#### TO DO
Excerpt from the entries below: please repeat exactly the lines from the one containing "Thumbnail: 2024 Chrysler Pacifica - 5" through the last one, both ends included, with no pictures.

[Captioned web image data]

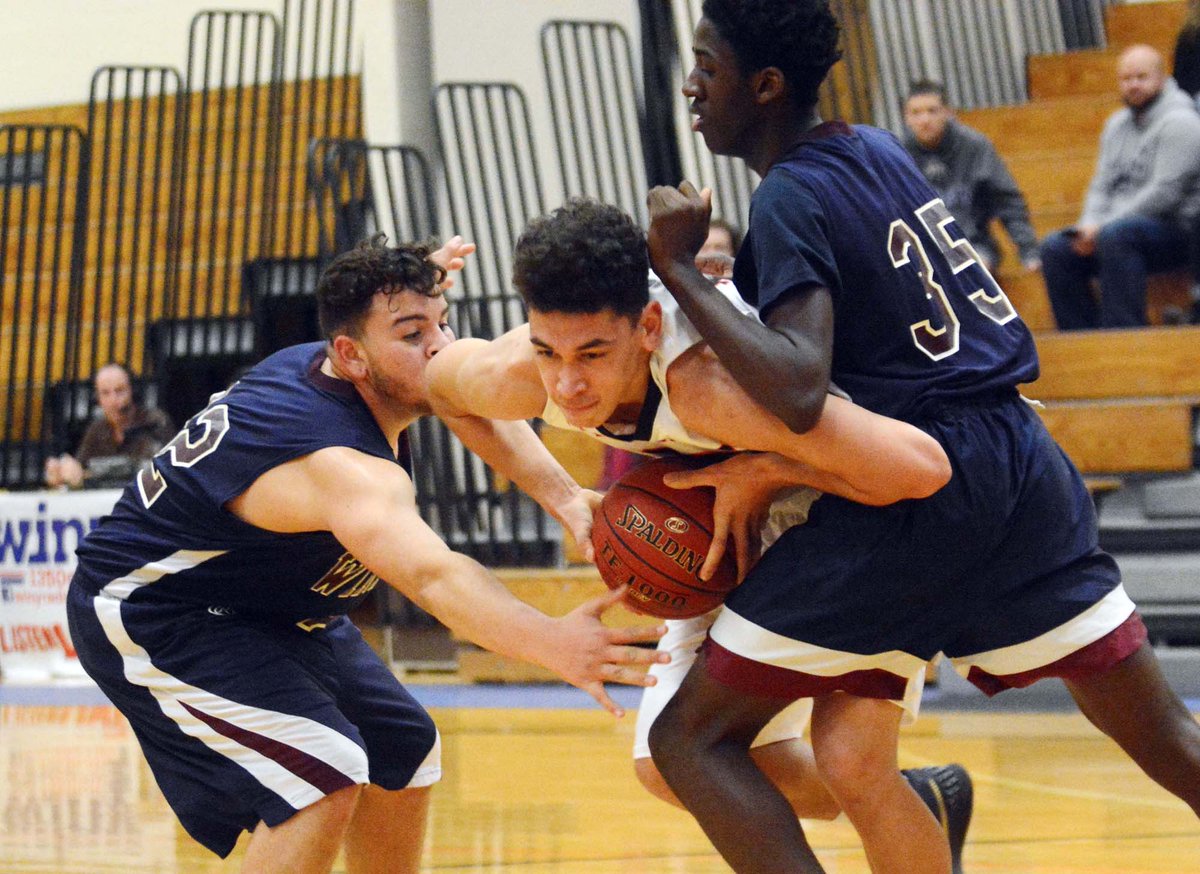 jshishmanianNB's tweet photo. GALLERY #PlainfieldHigh beats #Windham 55-39 in boys #basketball https://t.co/CSbJkqLho5 @mallardNB @jshishmanianNB #cthsbb @NorwichBulletin https://t.co/Kjte7Zp6SC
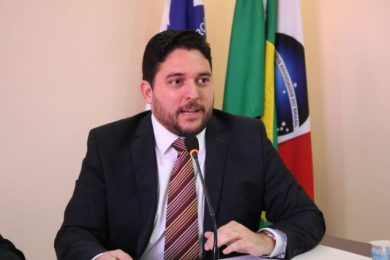 Secretário de Administração anuncia concurso público em duas áreas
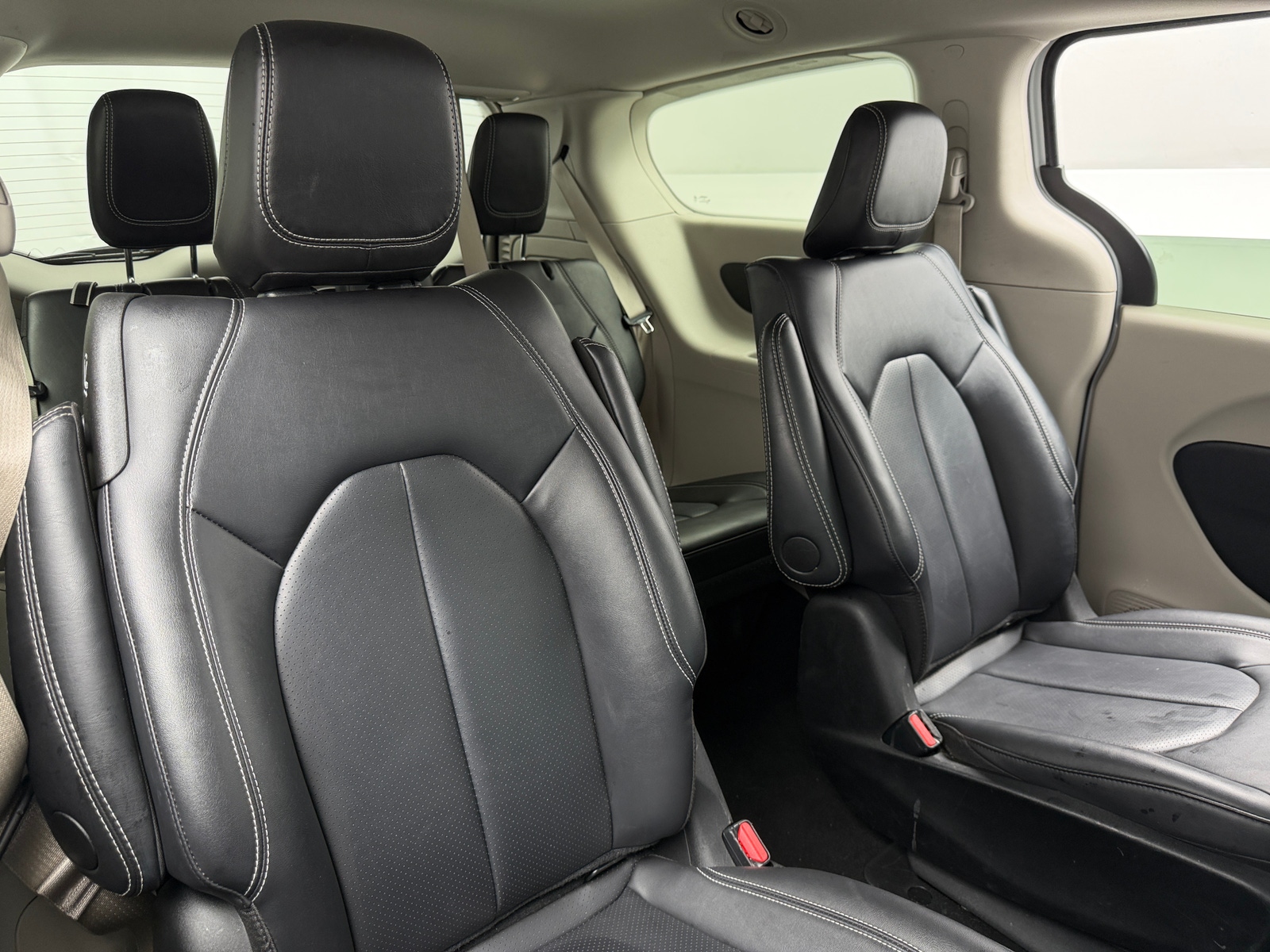 Thumbnail: 2024 Chrysler Pacifica - 5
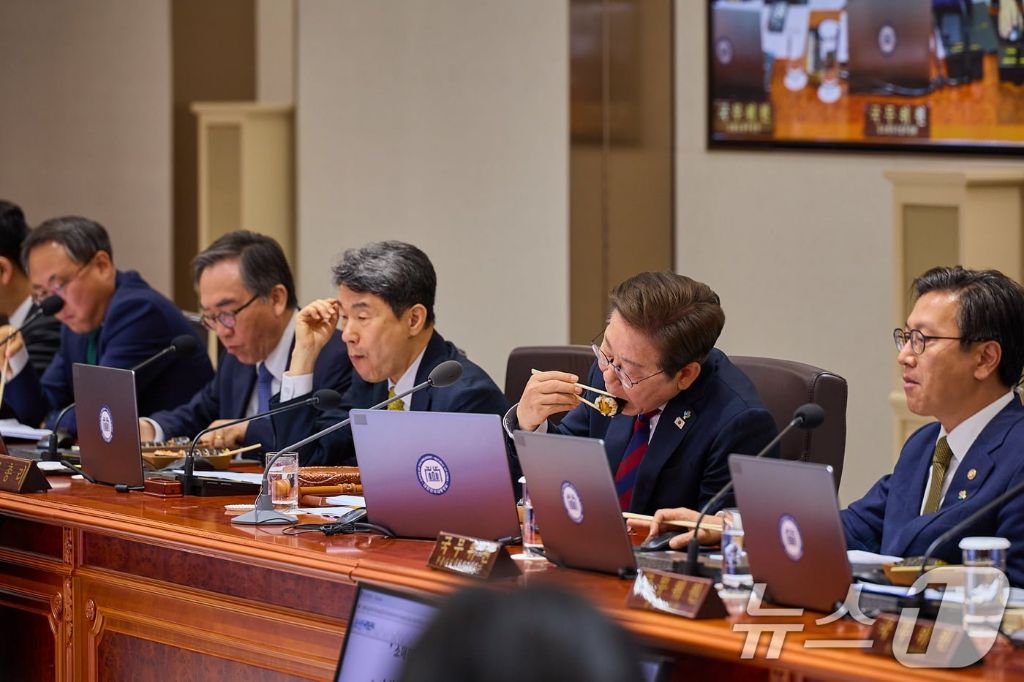 화기애애 이미지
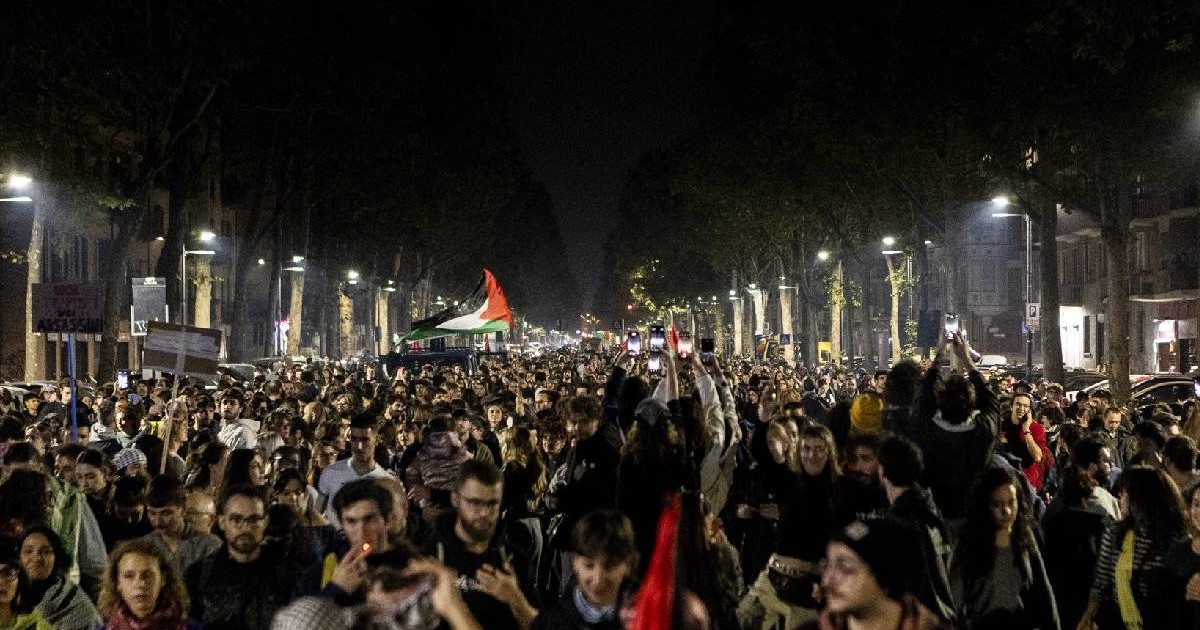 Oameni pe stradă, în Italia, la un protest uriaș pro Gaza, peste un milion de oameni din Italia s-au alăturat grevelor și protestelor în semn de solidaritate cu Flotila Sumud din Gaza.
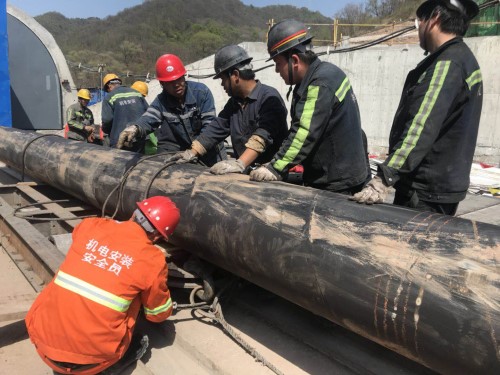 機電安裝公司冶坪項目部采取多項措施讓管道運輸更有安全感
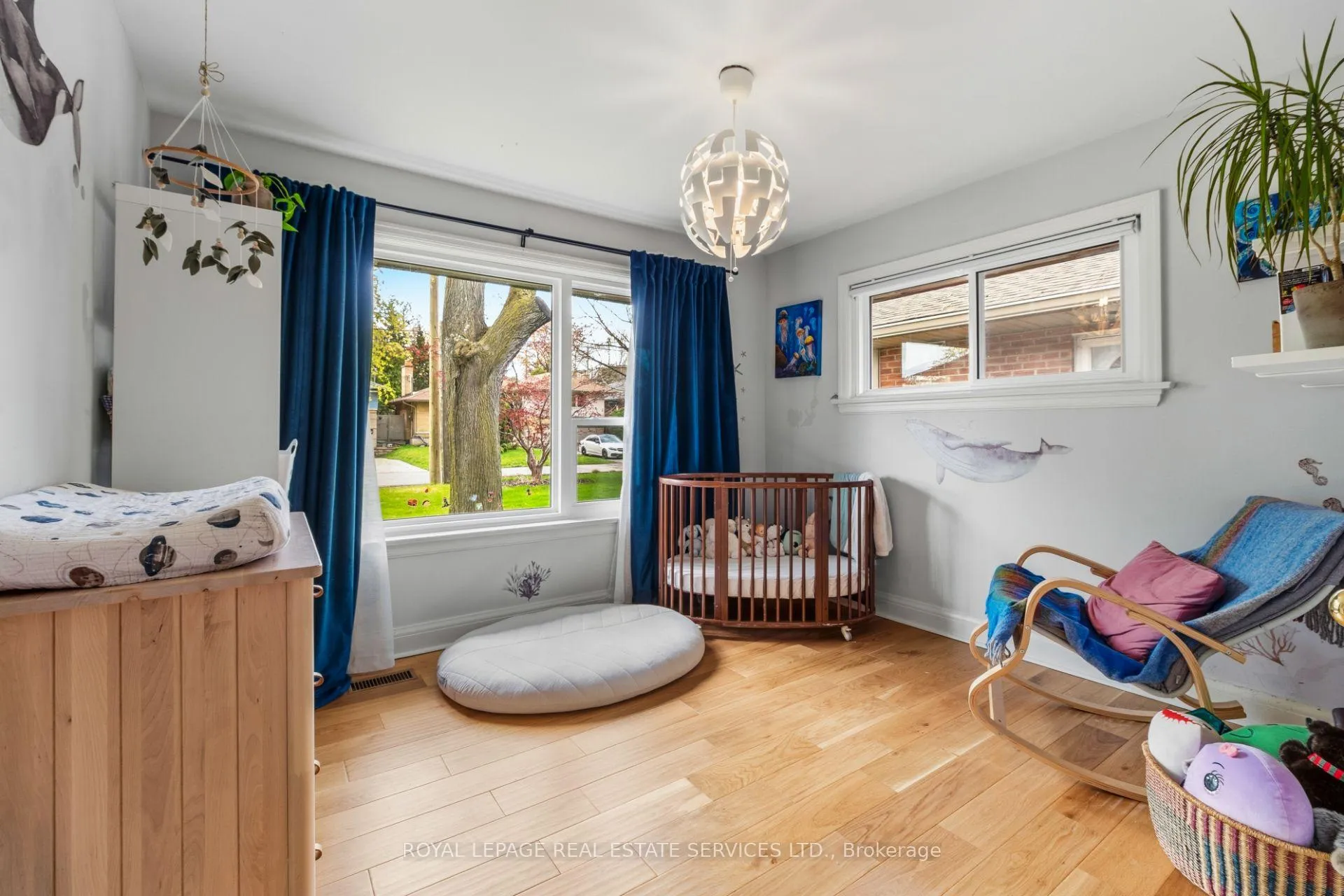 Photo 22 of 76 Glenellen Drive E, Etobicoke, Stonegate-Queensway — HOMEH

#### RESULT FOR THIS EXERCISE
 Thumbnail: 2024 Chrysler Pacifica - 5
 화기애애 이미지
 Oameni pe stradă, în Italia, la un protest uriaș pro Gaza, peste un milion de oameni din Italia s-au alăturat grevelor și protestelor în semn de solidaritate cu Flotila Sumud din Gaza.
 機電安裝公司冶坪項目部采取多項措施讓管道運輸更有安全感
 Photo 22 of 76 Glenellen Drive E, Etobicoke, Stonegate-Queensway — HOMEH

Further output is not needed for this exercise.